Joseph Gabriel Starke (known to all as Joe) died in Canberra on 24 February 2006, aged 94. He had a truly remarkable life. One of his achievements was the foundation of the Year Book in which this tribute appears. There were greater achievements, spanning an extraordinarily wide range.

Joe Starke was born on 16 November 1911 in Western Australia into a family of merchants, who owned a chain of country stores. He was the second of four brothers, all of whom enjoyed notable careers. He was educated at Perth Modern School, the cradle of a number of distinguished Australians, and at the University of Western Australia, where he graduated BA and LLB (the latter with first class honours) in 1932.

Joe’s first academic interest was mathematics, but his father persuaded him to study law. It is fortunate for readers of the Year Book that he was propelled into the law, but who is to say that he would not have become an equally distinguished mathematician or scientist? Indeed the breadth of his interests throughout his life, his attention to detail, and the taking up of unusual interests (for a lawyer), such as psychoanalysis, are evidence of an essentially scientific mind.

Joe won the Rhodes Scholarship for Western Australia in 1932. During his time at Oxford, where he read for the degree of Bachelor of Civil Laws, he was fortunate to be tutored by G C Cheshire at Exeter College, who influenced him greatly. (Later in life Joe was to edit the Australian edition of Cheshire and Fifoot on Contract Law.) At Oxford he also came under the influence of Felix Frankfurter, later to become a Justice of the Supreme Court of the United States, who at that time was a visiting professor in Oxford. It was Frankfurter who advised Joe to pursue a career in international law at a time when Joe was torn between accepting a position at the League of Nations in Geneva and returning home.

Despite a period of ill health shortly after arriving in Oxford, and the consequent need to concentrate his studies, Joe was declared by Professor Cheshire to be ready to take his final exams in June 1934. He was awarded first class honours in the BCL and the Vinerian Law Scholarship. A chance visit on holiday to Geneva awoke his interest in the League of Nations, and also in the prospect of taking courses at the Institute of International Studies. Permission was granted by the Rhodes Trustees and his College for him to spend the third year of his scholarship in Geneva. At the Institute he was taught by a number of distinguished scholars in international relations and international law, including Hans Kelsen, Paul Guggenheim, Hans Wehberg, Maurice Bourquin, and Carl Burckhardt. This confirmed Joe in his ambition to become an international lawyer.
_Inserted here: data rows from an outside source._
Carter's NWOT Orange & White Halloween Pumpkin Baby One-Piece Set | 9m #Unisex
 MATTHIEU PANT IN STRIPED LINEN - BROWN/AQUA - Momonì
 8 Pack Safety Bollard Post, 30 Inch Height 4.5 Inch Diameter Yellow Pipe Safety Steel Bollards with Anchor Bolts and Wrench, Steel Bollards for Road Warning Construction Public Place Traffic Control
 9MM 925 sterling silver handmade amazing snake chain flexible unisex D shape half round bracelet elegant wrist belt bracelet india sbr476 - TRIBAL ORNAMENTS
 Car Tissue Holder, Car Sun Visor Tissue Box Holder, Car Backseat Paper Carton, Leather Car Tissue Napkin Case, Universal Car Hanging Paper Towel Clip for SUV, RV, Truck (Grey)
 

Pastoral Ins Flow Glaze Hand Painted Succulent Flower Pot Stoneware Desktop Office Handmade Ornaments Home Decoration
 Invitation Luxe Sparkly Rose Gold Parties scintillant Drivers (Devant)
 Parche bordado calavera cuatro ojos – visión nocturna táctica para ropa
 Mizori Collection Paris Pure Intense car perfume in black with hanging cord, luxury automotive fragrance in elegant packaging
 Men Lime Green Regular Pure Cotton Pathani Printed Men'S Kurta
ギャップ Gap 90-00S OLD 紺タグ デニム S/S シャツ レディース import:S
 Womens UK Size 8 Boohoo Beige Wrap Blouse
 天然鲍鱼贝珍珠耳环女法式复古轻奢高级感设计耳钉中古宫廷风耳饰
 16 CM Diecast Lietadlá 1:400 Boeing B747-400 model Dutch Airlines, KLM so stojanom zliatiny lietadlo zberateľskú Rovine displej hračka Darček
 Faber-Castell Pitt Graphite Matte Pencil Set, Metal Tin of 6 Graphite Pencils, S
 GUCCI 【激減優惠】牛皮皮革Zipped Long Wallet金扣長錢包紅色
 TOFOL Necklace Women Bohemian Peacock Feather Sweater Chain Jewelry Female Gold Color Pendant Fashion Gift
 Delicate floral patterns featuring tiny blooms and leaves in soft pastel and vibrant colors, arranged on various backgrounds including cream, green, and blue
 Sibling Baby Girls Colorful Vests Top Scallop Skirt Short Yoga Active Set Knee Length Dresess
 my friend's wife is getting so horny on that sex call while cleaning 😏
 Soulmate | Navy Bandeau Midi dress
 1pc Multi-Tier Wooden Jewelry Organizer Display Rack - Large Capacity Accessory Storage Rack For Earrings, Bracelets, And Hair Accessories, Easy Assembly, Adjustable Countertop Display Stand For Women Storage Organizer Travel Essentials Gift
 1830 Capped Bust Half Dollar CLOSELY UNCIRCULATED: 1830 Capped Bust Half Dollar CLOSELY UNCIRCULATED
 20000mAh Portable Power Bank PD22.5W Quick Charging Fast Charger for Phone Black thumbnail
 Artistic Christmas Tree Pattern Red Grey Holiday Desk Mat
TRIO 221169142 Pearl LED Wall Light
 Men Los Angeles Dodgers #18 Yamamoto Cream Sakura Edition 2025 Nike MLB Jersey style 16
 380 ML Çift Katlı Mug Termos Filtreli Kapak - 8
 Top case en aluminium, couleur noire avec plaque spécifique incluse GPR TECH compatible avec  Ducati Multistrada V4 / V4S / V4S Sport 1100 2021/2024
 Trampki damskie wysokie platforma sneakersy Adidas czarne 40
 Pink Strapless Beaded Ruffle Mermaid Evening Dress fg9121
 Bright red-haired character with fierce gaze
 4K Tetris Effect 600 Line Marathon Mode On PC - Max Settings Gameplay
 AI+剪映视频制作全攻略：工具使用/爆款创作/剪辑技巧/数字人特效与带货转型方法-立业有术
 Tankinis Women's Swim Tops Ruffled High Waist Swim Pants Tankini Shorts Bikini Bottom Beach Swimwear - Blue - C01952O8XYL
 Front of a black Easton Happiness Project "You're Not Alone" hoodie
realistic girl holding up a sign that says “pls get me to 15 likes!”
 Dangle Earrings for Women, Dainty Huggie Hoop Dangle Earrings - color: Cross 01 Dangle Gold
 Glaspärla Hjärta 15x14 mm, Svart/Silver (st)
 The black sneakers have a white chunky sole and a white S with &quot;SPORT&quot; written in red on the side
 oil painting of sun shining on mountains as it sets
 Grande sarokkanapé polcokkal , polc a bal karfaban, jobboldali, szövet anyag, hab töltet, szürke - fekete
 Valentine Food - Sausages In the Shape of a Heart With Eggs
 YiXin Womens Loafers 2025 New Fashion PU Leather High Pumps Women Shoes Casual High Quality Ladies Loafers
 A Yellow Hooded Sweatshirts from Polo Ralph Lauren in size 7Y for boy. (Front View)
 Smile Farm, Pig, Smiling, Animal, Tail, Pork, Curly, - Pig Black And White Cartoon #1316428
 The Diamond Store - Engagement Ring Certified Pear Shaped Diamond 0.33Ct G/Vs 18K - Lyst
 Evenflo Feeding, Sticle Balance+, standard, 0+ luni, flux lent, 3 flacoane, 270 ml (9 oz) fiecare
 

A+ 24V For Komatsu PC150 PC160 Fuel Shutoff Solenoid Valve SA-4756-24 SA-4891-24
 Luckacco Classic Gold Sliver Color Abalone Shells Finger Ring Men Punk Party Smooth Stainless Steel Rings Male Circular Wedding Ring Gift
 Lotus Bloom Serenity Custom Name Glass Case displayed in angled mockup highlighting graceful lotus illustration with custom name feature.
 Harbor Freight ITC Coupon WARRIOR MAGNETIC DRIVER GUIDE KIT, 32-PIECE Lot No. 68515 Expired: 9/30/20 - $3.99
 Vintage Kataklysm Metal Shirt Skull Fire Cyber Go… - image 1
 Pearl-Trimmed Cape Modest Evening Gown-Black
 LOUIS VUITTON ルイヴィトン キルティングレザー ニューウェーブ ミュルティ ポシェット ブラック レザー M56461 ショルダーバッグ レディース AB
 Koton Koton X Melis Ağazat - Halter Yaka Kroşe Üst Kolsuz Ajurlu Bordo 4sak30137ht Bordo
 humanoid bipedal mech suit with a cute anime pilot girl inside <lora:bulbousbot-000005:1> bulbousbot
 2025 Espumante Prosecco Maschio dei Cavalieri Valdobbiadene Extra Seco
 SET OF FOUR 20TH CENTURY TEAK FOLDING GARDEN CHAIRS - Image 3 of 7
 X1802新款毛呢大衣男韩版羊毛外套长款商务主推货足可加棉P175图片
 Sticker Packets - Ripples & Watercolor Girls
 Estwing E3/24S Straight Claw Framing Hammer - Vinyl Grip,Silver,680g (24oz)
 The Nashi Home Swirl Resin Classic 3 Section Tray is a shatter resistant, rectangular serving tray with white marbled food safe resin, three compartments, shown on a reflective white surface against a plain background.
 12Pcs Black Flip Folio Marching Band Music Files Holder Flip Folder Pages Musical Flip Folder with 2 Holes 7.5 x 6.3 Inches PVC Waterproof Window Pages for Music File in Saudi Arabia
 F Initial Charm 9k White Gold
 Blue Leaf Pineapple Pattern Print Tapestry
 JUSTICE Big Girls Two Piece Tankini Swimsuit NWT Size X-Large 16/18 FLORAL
At the end of his course in 1935 a position fell vacant in the Opium Traffic Section of the League of Nations Secretariat. After consulting Frankfurter, Joe decided to apply. In 1937 he transferred to the Legal Secretariat of the League, and into an office in the magnificent newly built Palais des Nations. He remained there until January 1940, at which time most staff were retrenched because of the outbreak of the Second World War. During his time with the League, Joe was a witness to the momentous events of the time, including the Italian invasion of Abyssinia, the annexation of Austria by Germany, the Munich Agreement, and the expulsion of the Soviet Union from the League. In his official capacity, among many other important matters, Joe wrote the first draft of the legal opinion to the Secretary-General of the League that a protest against the Anschluss of Austria in March 1938 would be pointless. It also fell to Joe to write a reply to Leon Trotsky who, on learning that the League had adopted a Convention on Terrorism in 1937, wished to propose that the first person to be brought before the International Criminal Court should be Josef Stalin, ‘the world’s greatest terrorist’. Joe had to inform Trotsky that, regrettably, the Court had yet to be established. (It is pleasing that Joe lived long enough to see the establishment of the present International Criminal Court.)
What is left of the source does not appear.